Why you should care about Generative AI
First, watch this video:
The original commercial required 30 people and took about a month to produce, whereas the AI-driven remake was accomplished by one individual in less than a day!
Now, if you're a glass half empty kind of person, you're thinking about those 29 people who were laid off. But if you're a glass half full kind of person, you're thinking you can create a $50,000 TV commercial by yourself in less than a day. This could make for more compelling advertising to promote whatever it is that you sell for a living!
There's a rule of thumb in the entrepreneurial business call the order of magnitude requirement. Things need to be 10x better, faster or cheaper to succeed. If this video is any indication, the future of generative AI is likely to bring a 1000x improvement, at least over time, to the human task of creative endeavor.
However, many analysts disagree with such a positive view, and predict that generative AI has been overhyped, and is set for a correction in 2024. These naysayers predict that the speculative bubble will burst. They say that output is still too unreliable for many tasks. That training ever-larger models requires exponentially more data and computing power, raising questions about scalability. And when hype meets reality, valuations of generative startups will fall dramatically. Funding could dry up overnight, once the sector has lost its novelty.
But all of these arguments vanish like smoke, once you see something with your own eyes. This video is the equivalent of Orville Wright completing the first powered flight of a heavier-than-air aircraft in Kitty Hawk, North Carolina, 119 years ago. That flight lasted just 12 seconds, traveled only 120 feet, and reached a top speed of merely six miles per hour. But it meant that it was flight was possible. Similarly, this demonstration of text-to-video by Pika Labs hit me as hard as if I were watching the Wright Flyer take off for the first time. Sure, there were a thousand reasons back then why flight couldn't be commercialized, but hell, we fly in jetliners every day now. AI is just as profound an achievement as flight, or the printing press, or the first ENIAC computer.

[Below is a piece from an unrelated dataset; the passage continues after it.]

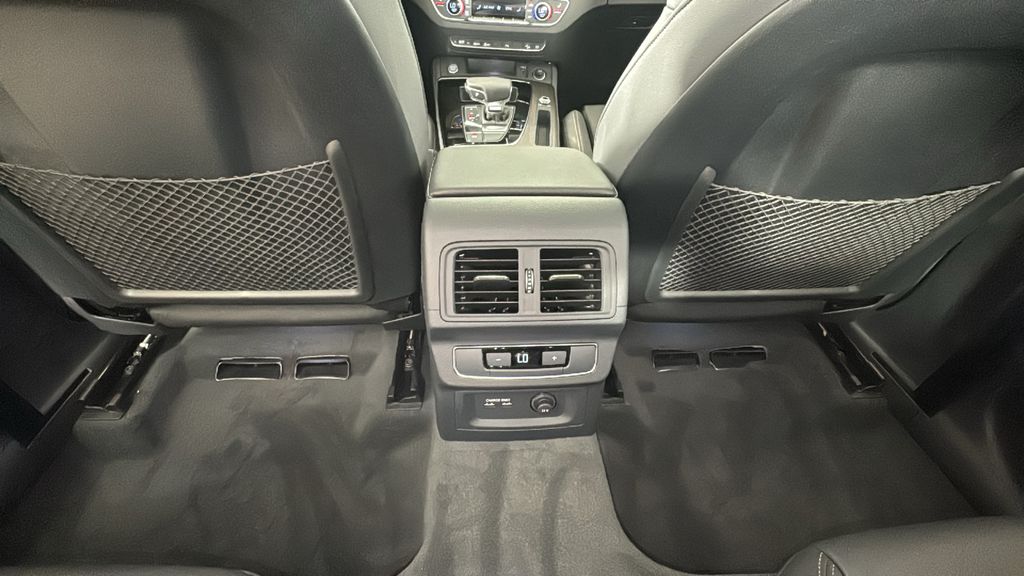 2025 Audi Q5  25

When faced with so dramatic a paradigm shift, there is naturally resistance. Here is a model for how that resistance is overcome, in the cartoon below:

These are the five stages of paradigm shift: First, you simply don't have time for this, so it's pretty exasperating to deal with anything that disrupts your life or business. Second, when you finally have time, you check it out... and it's pretty cute. ChatGPT writes limericks. Midjourney makes interesting images. You are somewhat amused, but you're not worried at all about ChatGPT replacing you. Third, this AI stuff starts winning you over, so you now feel some mild interest. As you dig in, something clicks, and you realize that this could be very useful. It could be significant. Fourth, you realize that your competitors will be using this to catch up with you! And fifth, you go into a total frenzy because you are way behind, and you need to catch up!
And this is why the best time to get started with AI is yesterday. The next best is today.